● What the task requires
Could you reproduce, from the records below, everything from the line with "Belarus Lady from" down to the line with "Students in the", keeping both of those lines and changing nothing?
----
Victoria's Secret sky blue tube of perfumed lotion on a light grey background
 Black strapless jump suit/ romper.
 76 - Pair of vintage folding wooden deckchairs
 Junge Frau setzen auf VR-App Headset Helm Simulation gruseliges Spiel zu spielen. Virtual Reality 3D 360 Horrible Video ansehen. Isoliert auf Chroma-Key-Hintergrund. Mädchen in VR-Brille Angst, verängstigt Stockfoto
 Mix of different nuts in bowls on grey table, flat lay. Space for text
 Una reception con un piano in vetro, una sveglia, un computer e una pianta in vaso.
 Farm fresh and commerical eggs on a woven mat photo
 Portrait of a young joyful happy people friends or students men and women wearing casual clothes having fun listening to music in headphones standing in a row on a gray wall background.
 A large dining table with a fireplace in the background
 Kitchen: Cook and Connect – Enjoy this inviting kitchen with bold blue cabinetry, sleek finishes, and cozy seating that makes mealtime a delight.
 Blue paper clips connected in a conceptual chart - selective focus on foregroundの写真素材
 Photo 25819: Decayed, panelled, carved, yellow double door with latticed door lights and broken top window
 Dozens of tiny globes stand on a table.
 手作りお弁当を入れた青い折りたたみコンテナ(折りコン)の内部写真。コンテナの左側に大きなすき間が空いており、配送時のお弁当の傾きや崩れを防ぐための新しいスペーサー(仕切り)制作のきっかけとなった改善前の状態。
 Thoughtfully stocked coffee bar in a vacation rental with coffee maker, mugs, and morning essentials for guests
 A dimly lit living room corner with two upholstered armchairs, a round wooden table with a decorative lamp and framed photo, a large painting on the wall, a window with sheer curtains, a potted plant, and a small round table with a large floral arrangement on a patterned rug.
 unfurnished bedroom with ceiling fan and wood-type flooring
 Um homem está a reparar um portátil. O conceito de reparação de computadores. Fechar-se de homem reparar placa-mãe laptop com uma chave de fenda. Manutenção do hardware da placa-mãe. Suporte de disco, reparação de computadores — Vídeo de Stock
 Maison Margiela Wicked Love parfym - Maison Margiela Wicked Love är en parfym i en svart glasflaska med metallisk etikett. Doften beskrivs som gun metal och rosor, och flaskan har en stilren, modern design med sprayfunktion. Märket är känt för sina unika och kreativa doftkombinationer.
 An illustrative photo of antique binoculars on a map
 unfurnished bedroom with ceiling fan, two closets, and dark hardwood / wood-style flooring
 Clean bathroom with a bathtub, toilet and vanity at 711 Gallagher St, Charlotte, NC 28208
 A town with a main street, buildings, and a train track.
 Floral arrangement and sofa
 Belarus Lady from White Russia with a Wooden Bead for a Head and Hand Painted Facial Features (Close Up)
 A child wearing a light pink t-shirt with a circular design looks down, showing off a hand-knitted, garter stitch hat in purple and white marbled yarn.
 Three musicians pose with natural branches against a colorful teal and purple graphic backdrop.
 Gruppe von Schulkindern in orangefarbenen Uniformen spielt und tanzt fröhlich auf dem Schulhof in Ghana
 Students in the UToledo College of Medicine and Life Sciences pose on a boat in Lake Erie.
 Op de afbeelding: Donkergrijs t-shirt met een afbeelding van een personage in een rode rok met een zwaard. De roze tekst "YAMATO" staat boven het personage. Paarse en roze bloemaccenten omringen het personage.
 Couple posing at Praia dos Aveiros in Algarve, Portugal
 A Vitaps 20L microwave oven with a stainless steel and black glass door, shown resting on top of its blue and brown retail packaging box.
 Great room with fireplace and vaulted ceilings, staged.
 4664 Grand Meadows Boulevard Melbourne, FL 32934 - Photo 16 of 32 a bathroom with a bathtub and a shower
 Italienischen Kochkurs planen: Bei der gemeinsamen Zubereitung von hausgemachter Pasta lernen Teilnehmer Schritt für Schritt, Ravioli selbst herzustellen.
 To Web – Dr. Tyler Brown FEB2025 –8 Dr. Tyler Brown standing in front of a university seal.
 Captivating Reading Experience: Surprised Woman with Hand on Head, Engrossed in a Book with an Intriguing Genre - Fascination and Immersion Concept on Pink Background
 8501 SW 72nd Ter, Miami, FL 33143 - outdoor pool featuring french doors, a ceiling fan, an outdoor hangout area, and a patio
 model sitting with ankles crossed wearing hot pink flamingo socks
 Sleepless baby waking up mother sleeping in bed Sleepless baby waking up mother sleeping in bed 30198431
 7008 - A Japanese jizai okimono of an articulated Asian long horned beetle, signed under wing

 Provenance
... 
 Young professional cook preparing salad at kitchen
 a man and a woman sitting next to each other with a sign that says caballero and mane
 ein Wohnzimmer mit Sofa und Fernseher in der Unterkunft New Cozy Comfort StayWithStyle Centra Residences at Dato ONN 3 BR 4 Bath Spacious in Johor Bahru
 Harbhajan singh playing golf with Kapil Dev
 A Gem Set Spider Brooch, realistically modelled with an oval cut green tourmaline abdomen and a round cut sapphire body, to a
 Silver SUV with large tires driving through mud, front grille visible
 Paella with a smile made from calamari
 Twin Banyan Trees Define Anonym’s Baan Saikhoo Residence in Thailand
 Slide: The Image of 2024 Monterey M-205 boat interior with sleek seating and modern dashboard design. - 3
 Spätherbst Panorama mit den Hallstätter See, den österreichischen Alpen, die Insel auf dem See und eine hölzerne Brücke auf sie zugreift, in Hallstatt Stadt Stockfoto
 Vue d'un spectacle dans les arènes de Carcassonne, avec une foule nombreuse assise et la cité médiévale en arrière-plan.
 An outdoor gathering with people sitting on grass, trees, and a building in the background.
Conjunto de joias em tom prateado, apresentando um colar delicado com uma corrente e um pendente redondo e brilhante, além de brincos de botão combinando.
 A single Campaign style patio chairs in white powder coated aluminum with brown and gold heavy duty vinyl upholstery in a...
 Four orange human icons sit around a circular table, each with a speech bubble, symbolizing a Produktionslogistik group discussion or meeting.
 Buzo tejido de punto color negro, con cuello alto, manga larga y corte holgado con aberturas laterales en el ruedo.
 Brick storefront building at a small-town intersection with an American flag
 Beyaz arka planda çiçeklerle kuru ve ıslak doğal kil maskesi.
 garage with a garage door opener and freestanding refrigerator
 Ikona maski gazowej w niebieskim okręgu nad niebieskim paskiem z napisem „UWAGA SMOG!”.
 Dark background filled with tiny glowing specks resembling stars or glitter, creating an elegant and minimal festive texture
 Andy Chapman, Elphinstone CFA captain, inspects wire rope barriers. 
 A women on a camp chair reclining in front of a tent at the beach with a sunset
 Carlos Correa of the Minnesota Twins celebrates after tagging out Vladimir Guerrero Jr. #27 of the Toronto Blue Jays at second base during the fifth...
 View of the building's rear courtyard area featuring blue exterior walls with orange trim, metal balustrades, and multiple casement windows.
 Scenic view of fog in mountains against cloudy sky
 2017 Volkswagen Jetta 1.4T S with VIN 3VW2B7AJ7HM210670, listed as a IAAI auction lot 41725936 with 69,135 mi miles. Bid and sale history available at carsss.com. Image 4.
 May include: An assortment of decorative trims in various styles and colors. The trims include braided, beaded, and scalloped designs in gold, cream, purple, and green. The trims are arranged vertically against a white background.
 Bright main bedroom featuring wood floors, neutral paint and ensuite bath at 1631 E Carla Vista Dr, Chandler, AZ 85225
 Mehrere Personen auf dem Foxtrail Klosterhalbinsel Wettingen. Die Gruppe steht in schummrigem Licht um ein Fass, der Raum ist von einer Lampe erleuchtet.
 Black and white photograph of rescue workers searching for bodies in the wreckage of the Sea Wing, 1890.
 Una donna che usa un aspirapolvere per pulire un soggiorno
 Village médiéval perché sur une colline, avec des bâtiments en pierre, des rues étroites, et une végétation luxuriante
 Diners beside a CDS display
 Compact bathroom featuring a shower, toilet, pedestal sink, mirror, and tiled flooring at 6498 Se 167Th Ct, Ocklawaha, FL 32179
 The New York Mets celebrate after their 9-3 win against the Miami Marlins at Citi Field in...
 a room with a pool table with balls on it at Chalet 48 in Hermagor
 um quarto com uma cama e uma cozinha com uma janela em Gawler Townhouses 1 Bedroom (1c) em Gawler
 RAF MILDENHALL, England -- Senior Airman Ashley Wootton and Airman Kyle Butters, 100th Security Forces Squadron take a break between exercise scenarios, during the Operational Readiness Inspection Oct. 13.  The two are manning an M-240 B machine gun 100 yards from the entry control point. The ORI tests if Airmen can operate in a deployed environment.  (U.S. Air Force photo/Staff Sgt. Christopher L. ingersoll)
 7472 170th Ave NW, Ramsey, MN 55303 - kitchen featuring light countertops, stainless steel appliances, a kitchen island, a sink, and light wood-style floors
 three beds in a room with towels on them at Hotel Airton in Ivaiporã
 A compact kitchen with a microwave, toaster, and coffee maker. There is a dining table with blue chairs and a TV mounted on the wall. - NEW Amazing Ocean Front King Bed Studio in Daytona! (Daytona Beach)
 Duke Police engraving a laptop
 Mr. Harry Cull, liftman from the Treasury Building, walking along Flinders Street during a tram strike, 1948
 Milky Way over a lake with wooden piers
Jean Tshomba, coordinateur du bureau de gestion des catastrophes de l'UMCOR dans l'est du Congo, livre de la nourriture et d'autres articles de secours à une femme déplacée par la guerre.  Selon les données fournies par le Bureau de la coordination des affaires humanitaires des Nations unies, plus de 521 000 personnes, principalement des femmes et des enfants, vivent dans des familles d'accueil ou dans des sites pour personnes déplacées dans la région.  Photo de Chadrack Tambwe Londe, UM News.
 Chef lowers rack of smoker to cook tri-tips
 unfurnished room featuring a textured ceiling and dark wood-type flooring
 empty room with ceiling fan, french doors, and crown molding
----
● Problem solution
 Belarus Lady from White Russia with a Wooden Bead for a Head and Hand Painted Facial Features (Close Up)
 A child wearing a light pink t-shirt with a circular design looks down, showing off a hand-knitted, garter stitch hat in purple and white marbled yarn.
 Three musicians pose with natural branches against a colorful teal and purple graphic backdrop.
 Gruppe von Schulkindern in orangefarbenen Uniformen spielt und tanzt fröhlich auf dem Schulhof in Ghana
 Students in the UToledo College of Medicine and Life Sciences pose on a boat in Lake Erie.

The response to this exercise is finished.